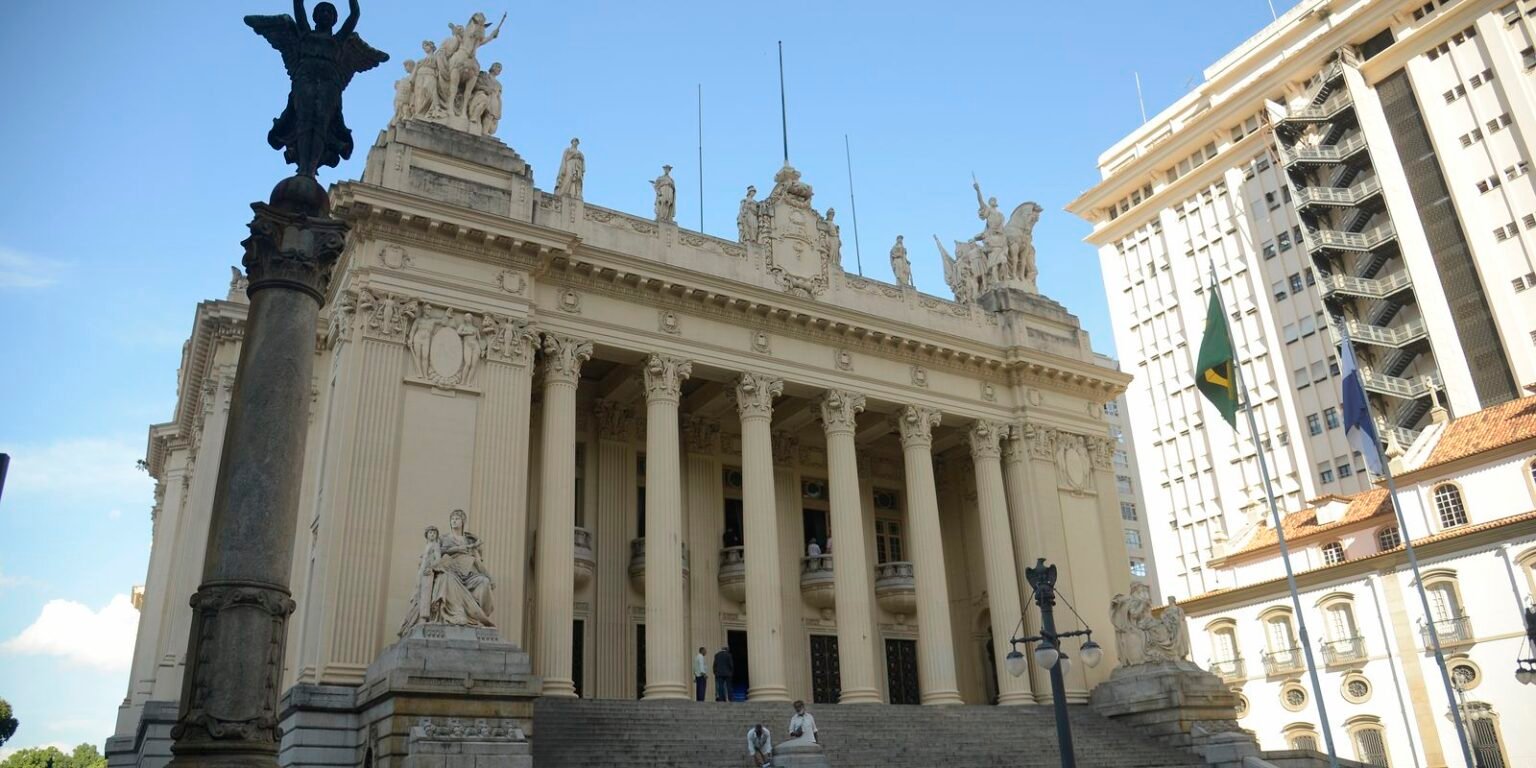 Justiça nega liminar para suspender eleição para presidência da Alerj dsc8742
...
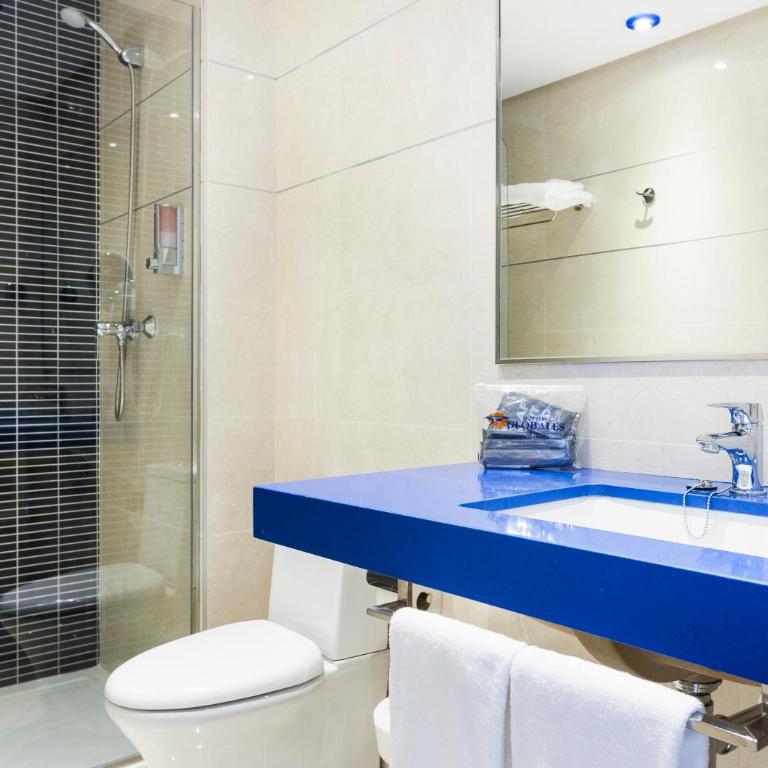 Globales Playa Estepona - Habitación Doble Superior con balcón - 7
==
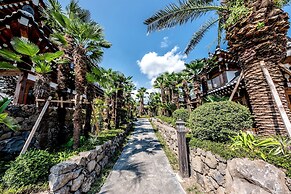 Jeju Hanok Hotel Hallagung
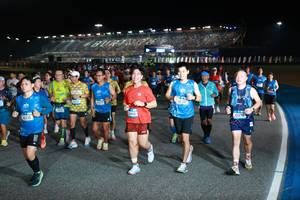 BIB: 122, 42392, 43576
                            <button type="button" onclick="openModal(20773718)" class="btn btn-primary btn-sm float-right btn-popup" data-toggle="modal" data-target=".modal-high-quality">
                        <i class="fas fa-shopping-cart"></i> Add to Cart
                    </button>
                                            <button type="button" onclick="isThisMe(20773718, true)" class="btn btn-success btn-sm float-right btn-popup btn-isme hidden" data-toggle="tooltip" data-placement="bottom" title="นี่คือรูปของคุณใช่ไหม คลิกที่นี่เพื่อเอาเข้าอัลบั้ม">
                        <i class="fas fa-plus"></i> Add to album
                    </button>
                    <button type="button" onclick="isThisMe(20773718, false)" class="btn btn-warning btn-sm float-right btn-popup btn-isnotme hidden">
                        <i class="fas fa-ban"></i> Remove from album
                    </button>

• _REQUIREMENT_: All lines above that contain "onclick" are required in the answer.

• _RESPONSE_:
                            <button type="button" onclick="openModal(20773718)" class="btn btn-primary btn-sm float-right btn-popup" data-toggle="modal" data-target=".modal-high-quality">
                                            <button type="button" onclick="isThisMe(20773718, true)" class="btn btn-success btn-sm float-right btn-popup btn-isme hidden" data-toggle="tooltip" data-placement="bottom" title="นี่คือรูปของคุณใช่ไหม คลิกที่นี่เพื่อเอาเข้าอัลบั้ม">
                    <button type="button" onclick="isThisMe(20773718, false)" class="btn btn-warning btn-sm float-right btn-popup btn-isnotme hidden">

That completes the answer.